В письме от августа 1880 года мы читаем:
«…Я, — писал Чайковский, — просто недоумеваю ввиду настоящего фазиса Вашего развития… Я твердо верил, что в Вас есть самобытное творческое дарование; теперь оно куда-то от меня скрылось; я перестал понимать Вас. Тогда Вы, подобно всем юношам, талант которых не созрел, оригинальничали… Теперь в Ваших скучных произведениях я вижу превосходного ученого музыканта, но в этом океане имитаций, канонов и всяких фокусов нет ни искры живого вдохновения…»
«С сожалением вижу, — отмечал Петр Ильич, — что Вас заедает рефлексия…»
Но, написав эти строки, Чайковский, по-видимому, задумался. Потом продолжал совсем в ином ключе:
«…В самом деле, к чему все это я Вам пишу и как бы пытаюсь поселить в Вас сомнение в себе и колебания относительно избранного Вами пути? Между тем в глубине души я ни минуты никогда не сомневался, что Вы, наверное, так или иначе, будете крупной личностью в сфере русской музыки. Почем я знаю? Может быть, для достижения цели своей Вам нужно делать именно то, что Вы теперь делаете.
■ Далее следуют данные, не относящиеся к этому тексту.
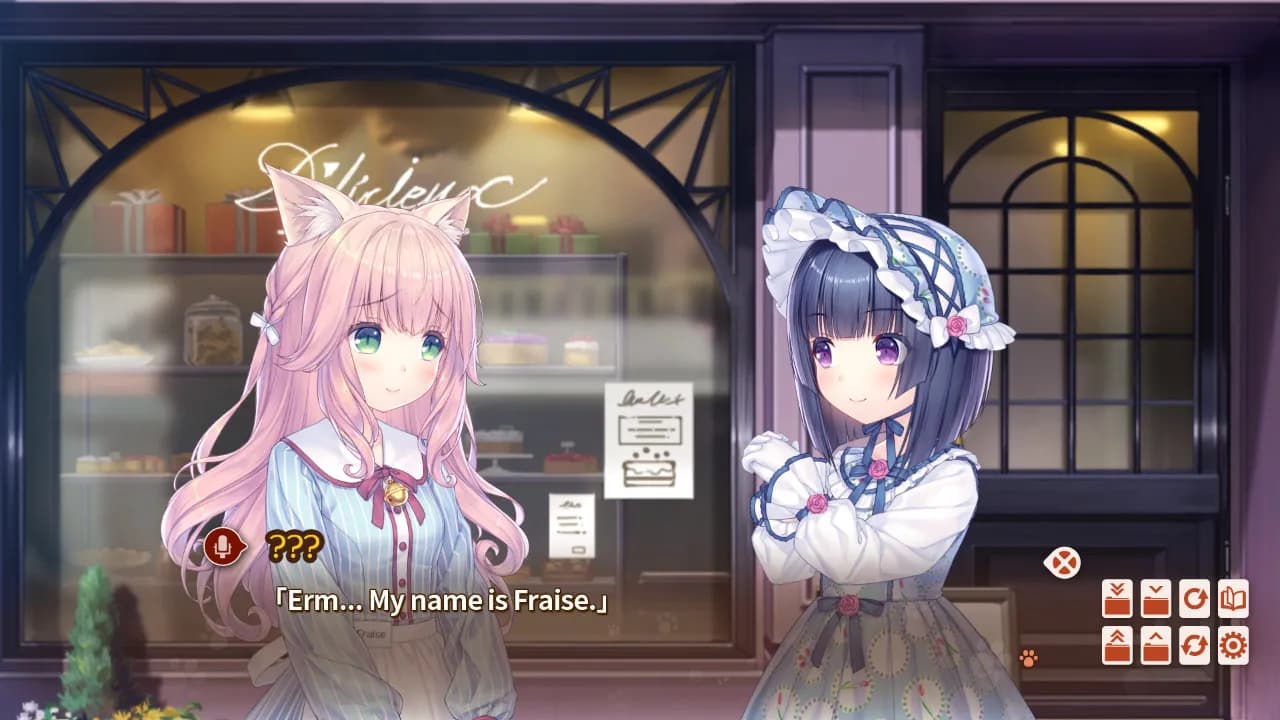 NEKOPARA Vol. 4 screenshot screenshot 10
Из того, что в данную минуту я не понимаю Вас, быть может, следует… что я лишен проницательности…»
Понемногу он начал уклоняться от продолжения дискуссии.
Лишь несколько лет спустя прозвучал как бы ее завершающий аккорд.
Весной 1884 года по поводу первого исполнения кантаты Танеева «Иоанн Дамаскин» молодой композитор писал учителю, пытаясь подвести итоги давнишнему спору с позиций полушутливого торжества.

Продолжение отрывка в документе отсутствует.